**What the exercise asks**
Word for word, please copy the line containing "Felipe Massa, Williams FW38 makes a pit stop" and all lines after it in the entries below, and only those, leaving every picture out.

**Study material**

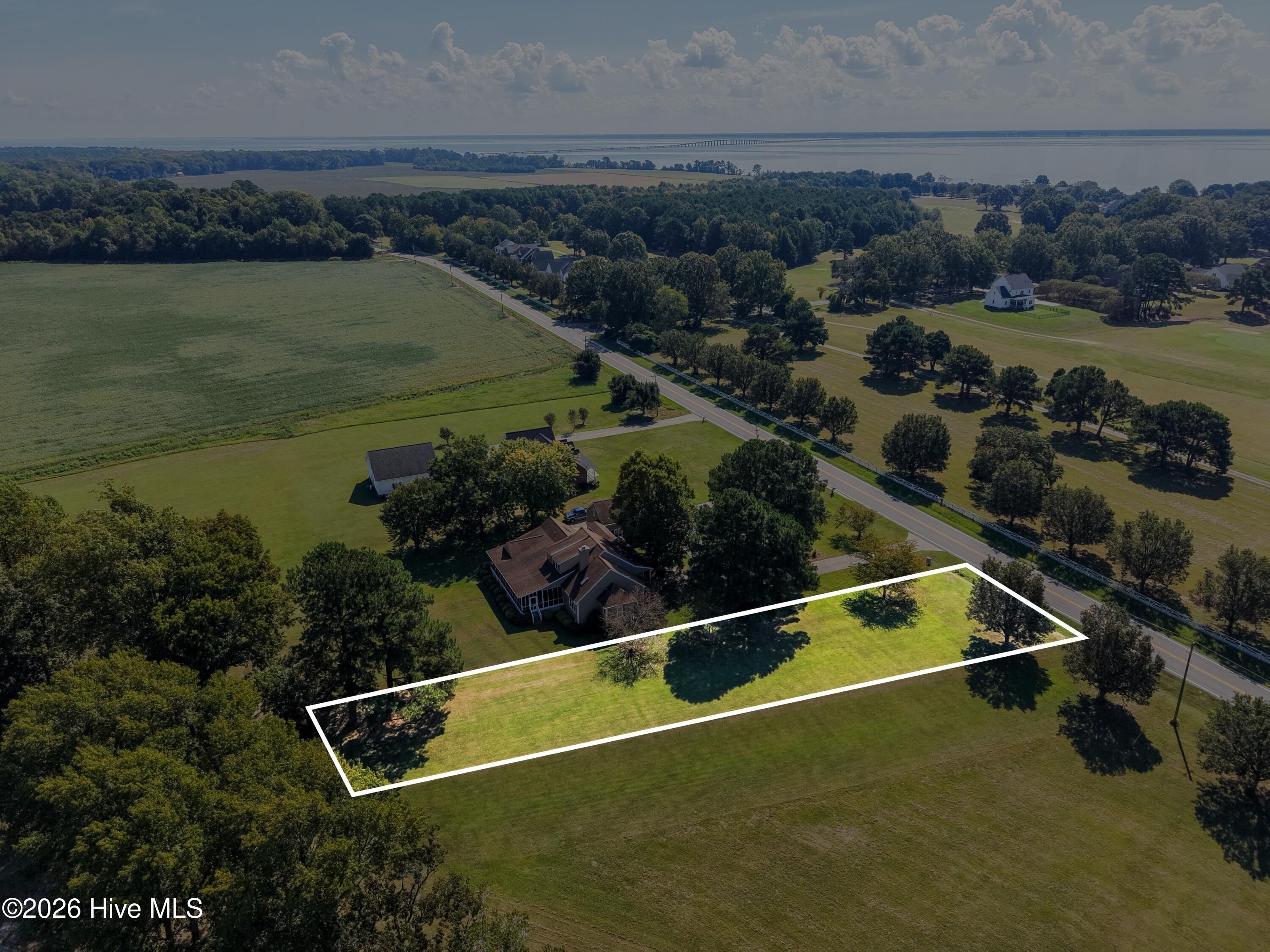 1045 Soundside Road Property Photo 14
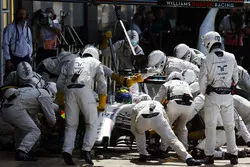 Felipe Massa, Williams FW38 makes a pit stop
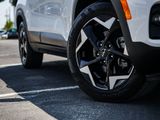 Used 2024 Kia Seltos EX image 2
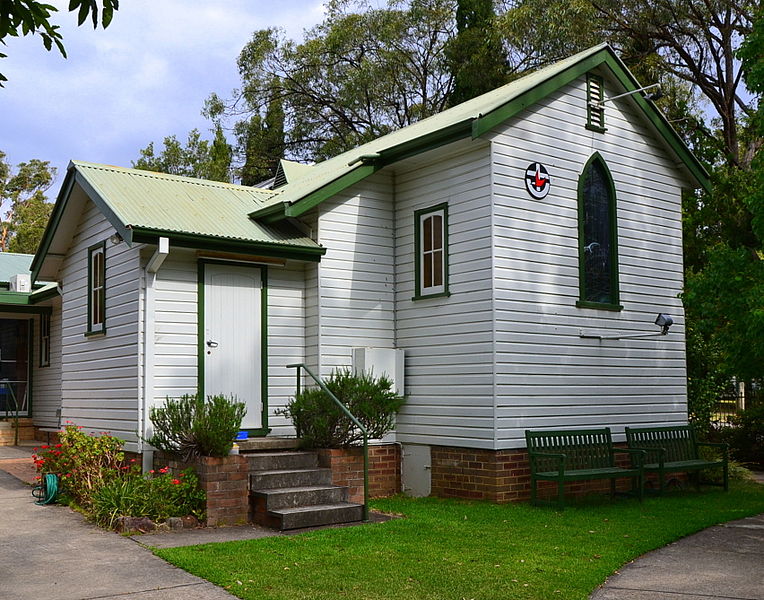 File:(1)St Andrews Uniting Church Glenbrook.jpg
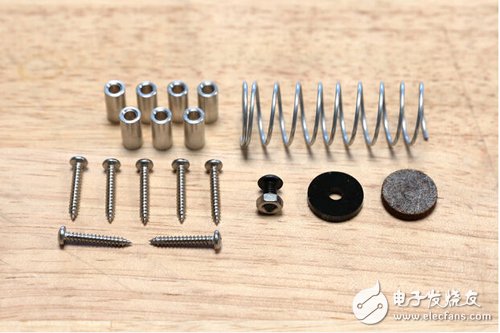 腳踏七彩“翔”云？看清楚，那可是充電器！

**Response area**
 Felipe Massa, Williams FW38 makes a pit stop
 Used 2024 Kia Seltos EX image 2
 File:(1)St Andrews Uniting Church Glenbrook.jpg
 腳踏七彩“翔”云？看清楚，那可是充電器！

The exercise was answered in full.